- The input -

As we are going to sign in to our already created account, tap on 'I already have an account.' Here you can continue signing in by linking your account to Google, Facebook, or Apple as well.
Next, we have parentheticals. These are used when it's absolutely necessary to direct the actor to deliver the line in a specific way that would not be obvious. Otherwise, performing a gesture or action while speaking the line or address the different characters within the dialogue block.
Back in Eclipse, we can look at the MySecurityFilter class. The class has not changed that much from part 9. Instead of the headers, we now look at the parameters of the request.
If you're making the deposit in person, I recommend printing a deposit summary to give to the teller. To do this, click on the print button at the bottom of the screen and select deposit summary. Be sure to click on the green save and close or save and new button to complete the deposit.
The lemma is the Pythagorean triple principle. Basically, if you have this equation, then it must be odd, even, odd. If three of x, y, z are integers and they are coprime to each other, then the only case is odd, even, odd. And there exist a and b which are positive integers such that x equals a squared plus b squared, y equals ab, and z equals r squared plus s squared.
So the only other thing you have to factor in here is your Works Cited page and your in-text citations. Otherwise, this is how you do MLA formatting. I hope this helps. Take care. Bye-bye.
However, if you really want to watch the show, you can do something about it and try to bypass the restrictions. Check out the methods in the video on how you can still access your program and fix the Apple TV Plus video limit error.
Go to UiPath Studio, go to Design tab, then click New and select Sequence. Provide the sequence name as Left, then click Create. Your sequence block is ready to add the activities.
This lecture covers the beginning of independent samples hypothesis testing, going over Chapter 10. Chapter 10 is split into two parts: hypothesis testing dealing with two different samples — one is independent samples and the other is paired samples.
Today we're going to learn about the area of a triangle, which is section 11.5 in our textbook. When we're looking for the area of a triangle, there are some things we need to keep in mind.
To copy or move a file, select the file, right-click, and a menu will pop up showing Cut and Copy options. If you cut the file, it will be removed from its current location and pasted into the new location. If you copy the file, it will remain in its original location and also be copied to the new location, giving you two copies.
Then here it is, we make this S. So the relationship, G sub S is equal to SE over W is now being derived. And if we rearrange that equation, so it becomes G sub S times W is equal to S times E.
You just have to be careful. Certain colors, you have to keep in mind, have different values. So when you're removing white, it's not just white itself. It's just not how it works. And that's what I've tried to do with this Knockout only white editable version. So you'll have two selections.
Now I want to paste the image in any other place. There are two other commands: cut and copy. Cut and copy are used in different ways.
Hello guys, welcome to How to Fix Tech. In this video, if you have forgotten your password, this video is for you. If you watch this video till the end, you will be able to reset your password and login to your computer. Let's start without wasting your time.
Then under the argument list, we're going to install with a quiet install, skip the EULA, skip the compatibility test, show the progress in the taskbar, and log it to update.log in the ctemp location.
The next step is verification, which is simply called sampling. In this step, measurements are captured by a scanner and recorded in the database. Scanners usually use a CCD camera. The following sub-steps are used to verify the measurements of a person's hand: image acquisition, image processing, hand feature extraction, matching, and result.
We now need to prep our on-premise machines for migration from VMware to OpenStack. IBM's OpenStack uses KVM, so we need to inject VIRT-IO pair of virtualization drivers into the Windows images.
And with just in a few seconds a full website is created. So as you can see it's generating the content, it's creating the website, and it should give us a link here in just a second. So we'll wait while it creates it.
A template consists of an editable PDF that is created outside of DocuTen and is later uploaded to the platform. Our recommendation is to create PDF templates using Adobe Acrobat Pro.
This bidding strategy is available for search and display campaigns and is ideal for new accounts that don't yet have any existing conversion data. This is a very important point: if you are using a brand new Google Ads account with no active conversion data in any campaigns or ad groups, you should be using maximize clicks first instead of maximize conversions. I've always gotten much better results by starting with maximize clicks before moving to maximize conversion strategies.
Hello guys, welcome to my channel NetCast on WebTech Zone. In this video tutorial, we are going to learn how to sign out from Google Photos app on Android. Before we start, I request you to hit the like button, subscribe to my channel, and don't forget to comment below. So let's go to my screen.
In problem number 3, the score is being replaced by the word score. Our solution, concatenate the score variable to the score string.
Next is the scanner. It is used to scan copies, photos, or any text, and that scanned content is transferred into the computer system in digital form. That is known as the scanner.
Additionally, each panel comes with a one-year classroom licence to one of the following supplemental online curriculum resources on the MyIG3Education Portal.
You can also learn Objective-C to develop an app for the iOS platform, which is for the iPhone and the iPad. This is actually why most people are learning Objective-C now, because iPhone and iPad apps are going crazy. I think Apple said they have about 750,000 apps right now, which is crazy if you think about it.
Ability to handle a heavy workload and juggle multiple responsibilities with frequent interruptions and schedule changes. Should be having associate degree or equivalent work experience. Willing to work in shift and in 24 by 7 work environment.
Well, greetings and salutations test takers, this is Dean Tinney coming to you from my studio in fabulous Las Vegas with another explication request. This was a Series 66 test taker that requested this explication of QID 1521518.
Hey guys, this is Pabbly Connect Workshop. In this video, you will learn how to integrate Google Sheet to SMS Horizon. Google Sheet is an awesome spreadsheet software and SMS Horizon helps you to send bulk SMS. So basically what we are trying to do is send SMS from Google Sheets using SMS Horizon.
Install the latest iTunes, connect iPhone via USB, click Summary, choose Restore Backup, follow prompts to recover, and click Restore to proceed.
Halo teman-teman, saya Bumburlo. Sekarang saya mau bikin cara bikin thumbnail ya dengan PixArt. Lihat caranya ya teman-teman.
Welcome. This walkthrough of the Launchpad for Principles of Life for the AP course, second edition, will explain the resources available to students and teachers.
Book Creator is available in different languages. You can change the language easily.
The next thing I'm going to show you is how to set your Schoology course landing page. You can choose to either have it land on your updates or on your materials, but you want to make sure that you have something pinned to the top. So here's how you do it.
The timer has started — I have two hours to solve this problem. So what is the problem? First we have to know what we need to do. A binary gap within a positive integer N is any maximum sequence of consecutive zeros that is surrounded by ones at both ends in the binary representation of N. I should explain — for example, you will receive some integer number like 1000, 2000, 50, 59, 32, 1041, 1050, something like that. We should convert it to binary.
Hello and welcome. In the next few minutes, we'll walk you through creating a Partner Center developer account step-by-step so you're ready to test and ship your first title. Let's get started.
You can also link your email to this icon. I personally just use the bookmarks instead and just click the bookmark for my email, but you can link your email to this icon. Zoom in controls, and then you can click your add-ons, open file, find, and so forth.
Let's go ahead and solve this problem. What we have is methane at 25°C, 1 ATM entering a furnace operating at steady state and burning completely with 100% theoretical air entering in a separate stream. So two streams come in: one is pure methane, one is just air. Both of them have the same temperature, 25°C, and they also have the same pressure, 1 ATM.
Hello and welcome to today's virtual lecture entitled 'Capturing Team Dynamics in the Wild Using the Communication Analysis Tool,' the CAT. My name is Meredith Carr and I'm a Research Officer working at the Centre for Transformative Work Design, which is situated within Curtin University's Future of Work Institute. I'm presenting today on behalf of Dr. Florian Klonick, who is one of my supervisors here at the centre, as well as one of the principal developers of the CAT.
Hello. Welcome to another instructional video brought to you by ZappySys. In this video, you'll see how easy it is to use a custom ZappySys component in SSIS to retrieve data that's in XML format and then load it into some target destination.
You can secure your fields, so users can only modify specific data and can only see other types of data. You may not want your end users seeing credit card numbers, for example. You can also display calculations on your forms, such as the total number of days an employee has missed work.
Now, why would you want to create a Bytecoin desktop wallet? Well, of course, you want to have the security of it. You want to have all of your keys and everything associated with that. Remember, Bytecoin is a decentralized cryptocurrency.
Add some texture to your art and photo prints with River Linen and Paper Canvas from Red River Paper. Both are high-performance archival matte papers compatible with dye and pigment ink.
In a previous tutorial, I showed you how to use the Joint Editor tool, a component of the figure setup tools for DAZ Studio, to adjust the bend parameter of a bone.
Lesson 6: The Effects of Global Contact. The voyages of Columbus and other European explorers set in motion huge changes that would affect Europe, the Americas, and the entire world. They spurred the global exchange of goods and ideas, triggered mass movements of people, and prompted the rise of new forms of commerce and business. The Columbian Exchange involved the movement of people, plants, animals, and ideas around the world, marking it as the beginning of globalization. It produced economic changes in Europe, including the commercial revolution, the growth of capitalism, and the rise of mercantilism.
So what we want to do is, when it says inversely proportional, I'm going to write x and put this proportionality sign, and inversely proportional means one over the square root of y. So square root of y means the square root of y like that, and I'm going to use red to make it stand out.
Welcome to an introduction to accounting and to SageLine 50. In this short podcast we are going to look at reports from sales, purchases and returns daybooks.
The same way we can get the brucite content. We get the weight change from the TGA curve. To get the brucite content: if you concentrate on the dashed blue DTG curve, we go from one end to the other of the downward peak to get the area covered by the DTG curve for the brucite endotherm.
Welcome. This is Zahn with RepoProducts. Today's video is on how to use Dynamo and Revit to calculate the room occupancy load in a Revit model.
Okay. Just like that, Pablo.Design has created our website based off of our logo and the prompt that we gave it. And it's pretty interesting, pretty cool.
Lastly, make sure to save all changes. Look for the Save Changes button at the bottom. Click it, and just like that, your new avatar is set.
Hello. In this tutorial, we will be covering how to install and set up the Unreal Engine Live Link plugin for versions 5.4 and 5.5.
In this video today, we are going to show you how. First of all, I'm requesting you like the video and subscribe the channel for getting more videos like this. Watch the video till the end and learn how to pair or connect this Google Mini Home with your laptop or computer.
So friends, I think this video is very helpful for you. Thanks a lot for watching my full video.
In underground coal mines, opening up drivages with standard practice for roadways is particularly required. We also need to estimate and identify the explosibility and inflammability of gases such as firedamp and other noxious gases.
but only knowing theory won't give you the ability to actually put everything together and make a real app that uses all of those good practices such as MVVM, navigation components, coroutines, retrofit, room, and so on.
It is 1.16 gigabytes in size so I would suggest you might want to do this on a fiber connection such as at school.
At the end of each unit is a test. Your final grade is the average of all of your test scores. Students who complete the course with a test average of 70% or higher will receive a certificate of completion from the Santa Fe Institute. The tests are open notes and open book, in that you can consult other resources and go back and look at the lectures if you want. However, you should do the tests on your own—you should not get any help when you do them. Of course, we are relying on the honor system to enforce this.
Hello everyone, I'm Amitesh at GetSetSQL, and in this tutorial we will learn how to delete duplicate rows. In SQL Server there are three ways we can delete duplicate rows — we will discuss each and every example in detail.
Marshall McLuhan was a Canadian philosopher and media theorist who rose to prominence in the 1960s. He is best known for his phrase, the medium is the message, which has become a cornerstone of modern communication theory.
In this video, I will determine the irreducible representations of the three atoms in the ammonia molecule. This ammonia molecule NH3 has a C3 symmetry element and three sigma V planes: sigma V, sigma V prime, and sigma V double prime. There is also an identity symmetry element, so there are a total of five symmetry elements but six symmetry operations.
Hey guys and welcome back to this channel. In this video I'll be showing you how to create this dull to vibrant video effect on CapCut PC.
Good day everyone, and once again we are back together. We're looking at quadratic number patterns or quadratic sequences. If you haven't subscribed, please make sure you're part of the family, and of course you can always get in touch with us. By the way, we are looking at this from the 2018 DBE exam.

- Exercise instructions -
Using the entries shown above, reproduce verbatim the lines from the line bearing "Hello. Welcome to" to the line bearing "In a previous", inclusive.

- Task response -
Hello. Welcome to another instructional video brought to you by ZappySys. In this video, you'll see how easy it is to use a custom ZappySys component in SSIS to retrieve data that's in XML format and then load it into some target destination.
You can secure your fields, so users can only modify specific data and can only see other types of data. You may not want your end users seeing credit card numbers, for example. You can also display calculations on your forms, such as the total number of days an employee has missed work.
Now, why would you want to create a Bytecoin desktop wallet? Well, of course, you want to have the security of it. You want to have all of your keys and everything associated with that. Remember, Bytecoin is a decentralized cryptocurrency.
Add some texture to your art and photo prints with River Linen and Paper Canvas from Red River Paper. Both are high-performance archival matte papers compatible with dye and pigment ink.
In a previous tutorial, I showed you how to use the Joint Editor tool, a component of the figure setup tools for DAZ Studio, to adjust the bend parameter of a bone.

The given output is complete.